Peter Warlock aficionados are serious drinkers. They need to be. Warlock (1894-1930) frequented more pubs round Chelsea than the dozen-plus Chelsea addresses he clocked up between leaving pre-war Eton and his probably self-inflicted Christmas demise in Tite Street from coal-gas poisoning. The drink affected his work-patterns, but not just depressively. Many of his best pieces are cheerful drinking songs written to spruce up some amateur gathering, be it a Hampshire village cricket match, amateur dramatics or a boozy rendezvous in north Kent's Darenth Valley.

Each of his songs - as well as a clutch of melting carols like "Bethlehem Down" - is a polished gem. But it is in his black, desolate "The Curlew", that he turns to sheer gold the dark underworld of his multi-faceted, possibly split, personality.

Warlock never crawled to anyone. But the Warlock society, whose heroic efforts on his behalf have done much to keep this intriguing figure in the public eye, has aptly taken to annual crawling and bibbing in his honour. I caught up with them outside the Chelsea Fishery. The fabulous young Guildhall Brass turned out to do the honours, and I doubt if the Wallace Collection could have bettered it. Their conductor Eric Crees's l0-part band arrangements, piccolo trumpet and all, have got Warlock buttoned up. Warlock, who had only half a dozen euphoniums and things to jot for, would have been aghast with admiration. These brilliant and sympathetic arrangements are classics in their own right.

Later, opposite Chelsea Town Hall, Crees handed over the baton for a bet, to a six-year-old. Breathtaking.
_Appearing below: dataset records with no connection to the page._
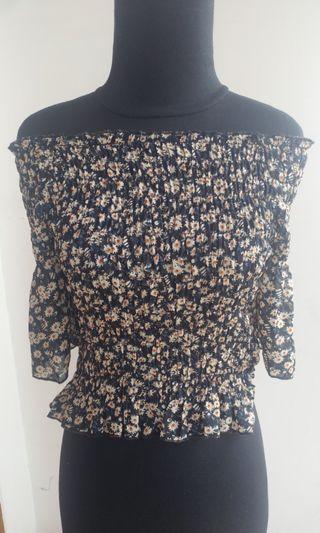 Crop Top Flower Print Black Free Size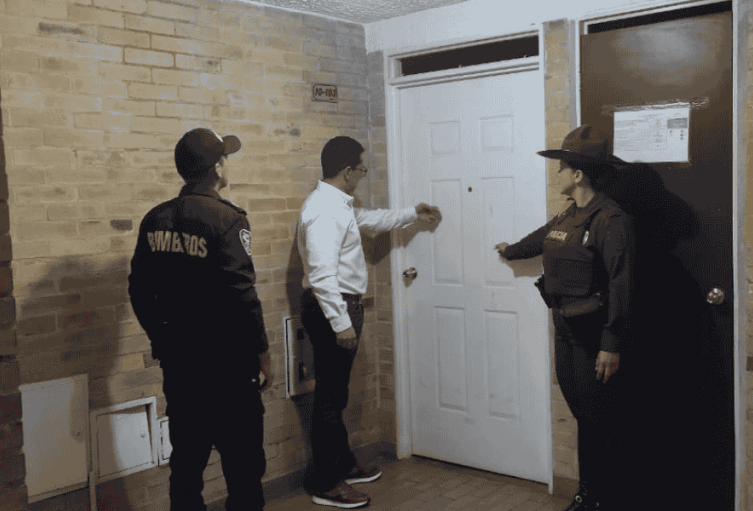 Autoridades verificaron denuncia por presunto abandono de felino en conjunto residencial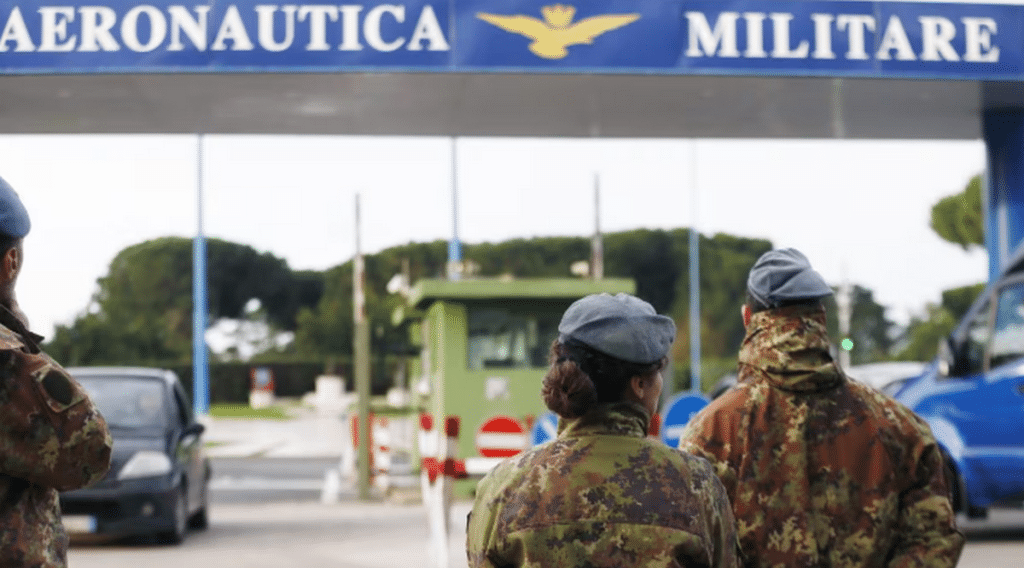 suicidio roma finanziere morto pistola ordinanza aeroporto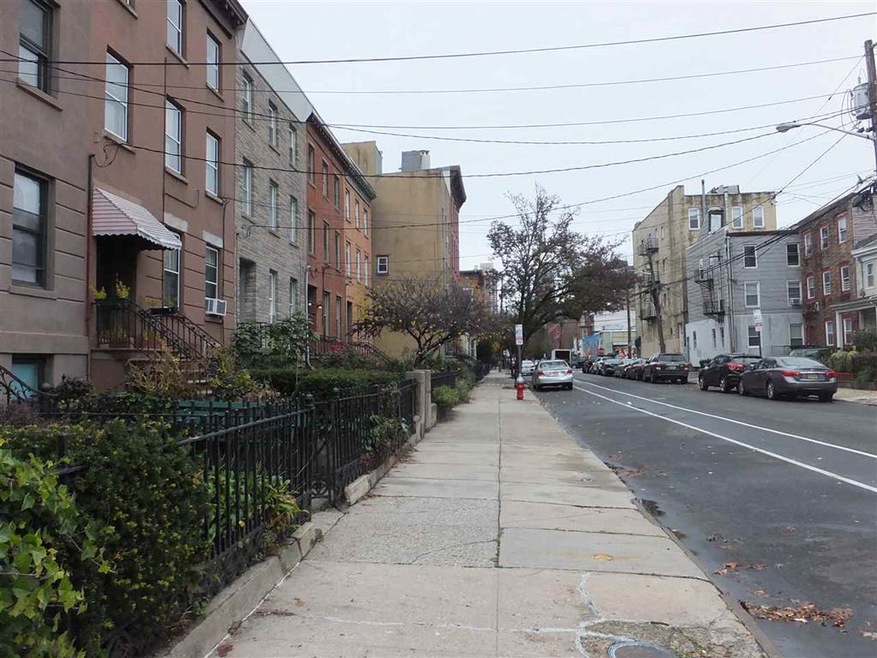 276 3rd St, Jersey City, NJ 07302 - photo 1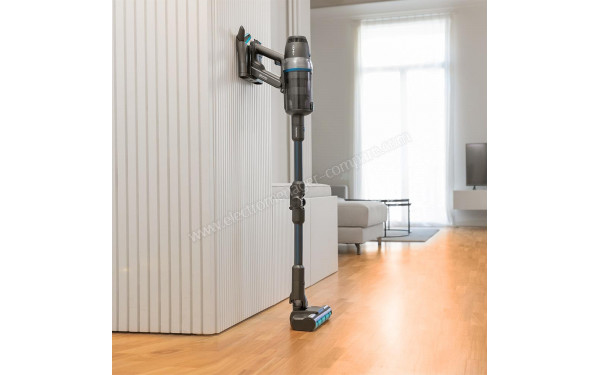 CECOTEC Conga Rockstar 9500 Connected Ergowet 3000 IA - Vue sur la station de chargement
Passers-by gawped supportively, or were bowled over by loud-hailer renderings of Warlock's "Piggesnie" and "Captain Stratton's Fancy" by baritone Eamonn Dougan - a wonderful voice apt for the Wigmore Hall.

Warlock was one of the first to rate Bartok here and was at the razor edge of English music. The chromatic filigree of "The Curlew" insinuates all his other work. It's time - despite himself - we took this supremely gifted composer seriously.